Reforestation efforts have multiplied in recent years, driven by concerns about rampant desertification and by growing interest in carbon offsetting in a region hosting the world’s oil giants. In 2021, Saudi Arabia launched the Green Middle East Initiative, which aims to plant 50 billion trees across the region, and Jordan committed to planting 10 million trees in a decade. Yet these ambitious projects generally come without a clear road map: which species to plant, and where? And how to maintain them in a water-scarce context?
So far, some of the region’s most successful reforestation projects have focused on “useful” forests that generate immediate and perceptible benefits to surrounding communities.

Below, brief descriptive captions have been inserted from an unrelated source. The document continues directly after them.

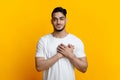 Smiling arab guy holding palms on chest Royalty Free Stock Photo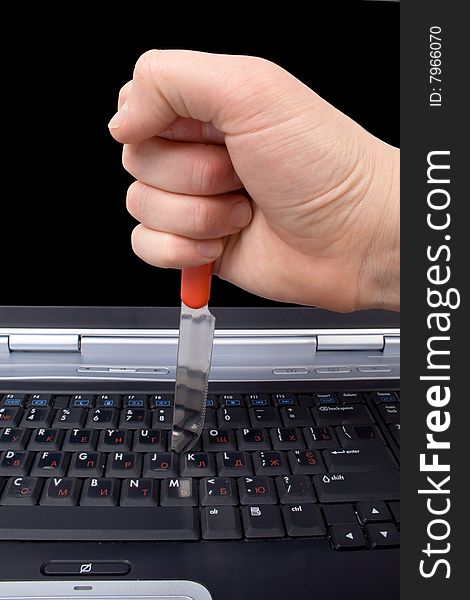 Hand with a knife in the laptop keyboard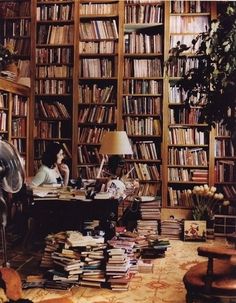 a woman sitting at a desk in front of a bookshelf filled with lots of books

“We believe that reforestation projects have to win the ownership of the local community by providing some form of value,” Mariam Al Jaajaa, general manager of the Arab Protection of Nature (APN) organization in Jordan, told Mongabay. “Otherwise, projects fail because trees are not taken care of. Trees are not seen as a priority for water consumption and pastoralists often let their sheep feed on them prematurely.”

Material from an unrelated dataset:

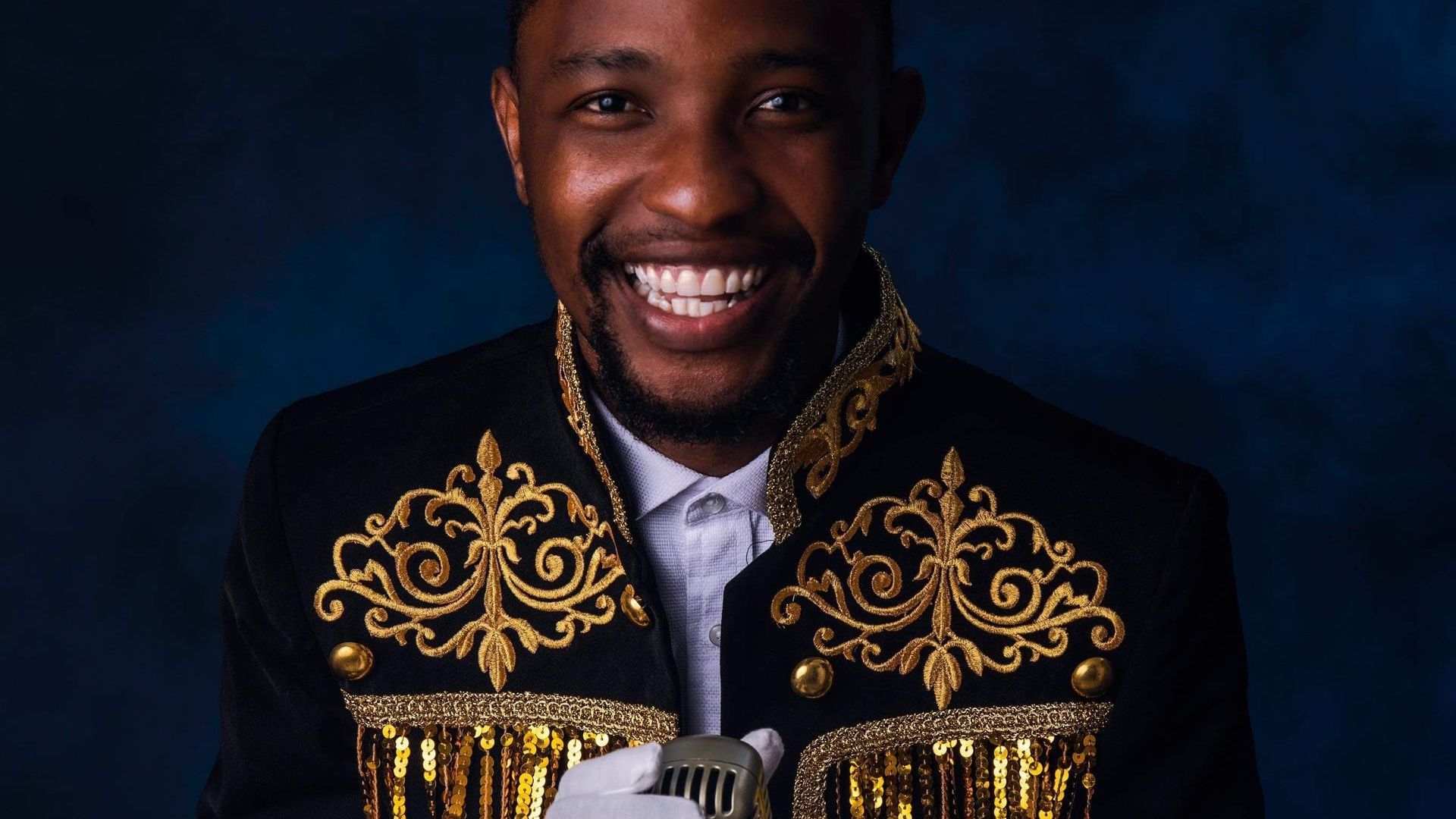 Simon Sims, a male singer, smiling into the camera. He is wearing a white shirt and gloves, and a black and gold jacket. He is holding a microphone.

Since its founding in 2003, APN has planted more than 110,000 trees in Jordan. The vast majority are local fruit-bearing species that surrounding communities can exploit to generate an income, like carob, olive and almond trees.

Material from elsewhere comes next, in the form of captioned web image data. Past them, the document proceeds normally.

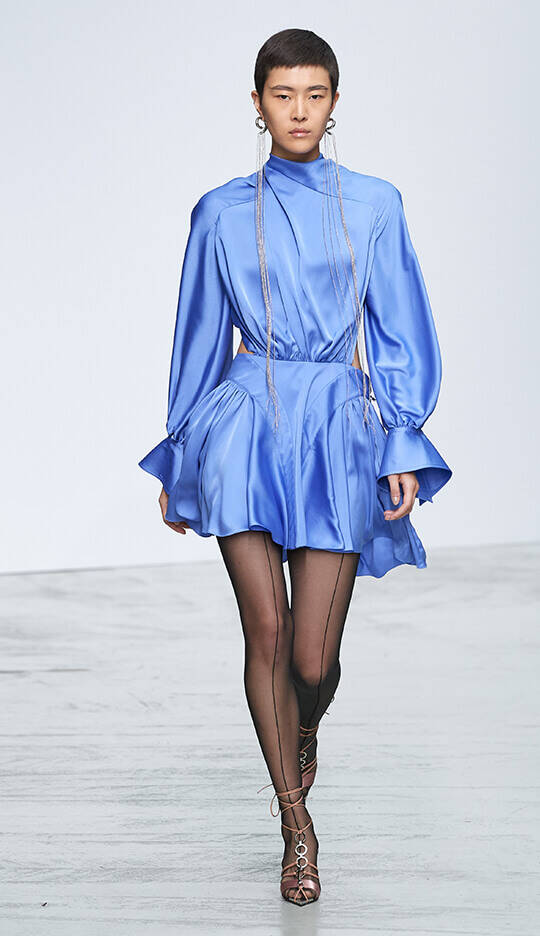 A model walks down a runway wearing a sleek, blue satin dress with a high neckline and dramatic sleeves, paired with sheer black tights and strappy heels. The background is minimalist and light.
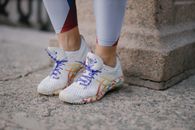 Person in White Blue and Red Nike Sneakers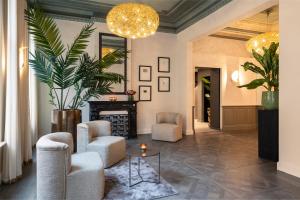 a living room with two chairs and a fireplace at Dukes' Academie Brugge - by Dukes' Hotel Collection in Bruges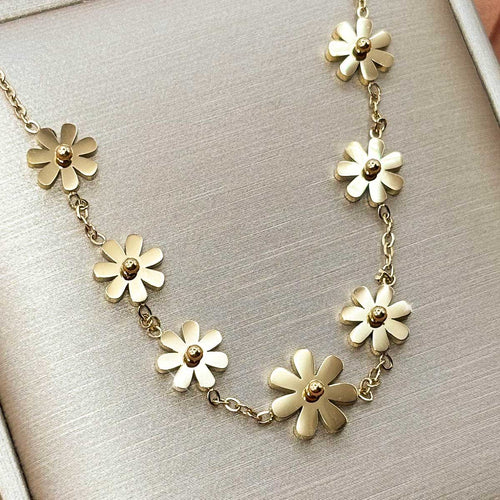 Goldfarbene Damen-Halskette aus Edelstahl, verziert mit einer Reihe fest integrierter, minimalistischer Blüten-Elemente, Vorderansicht.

Al Jaajaa says Amman’s Miyawaki forests, while small, complement larger-scale efforts to increase Jordan’s tree cover. “We carry a common goal towards ecological well-being: their focus is on preserving and bringing back native species, while we try to combine ecological, economic and food values. Both approaches are essential to creating a sustainable future.”
Miyawaki forests are planted 30 times more densely than forests planted using mainstream methods. Their purpose is not recreational, productive or aesthetic; instead, the method fosters a robust local ecosystem able to thrive on its own.
“This is a natural forest that welcomes wildlife,” said gardener Omar al-Sharif, who cares for the Marka baby forest. “With time, I noticed that new types of birds were coming to the garden, new types of insects — bees, butterflies.”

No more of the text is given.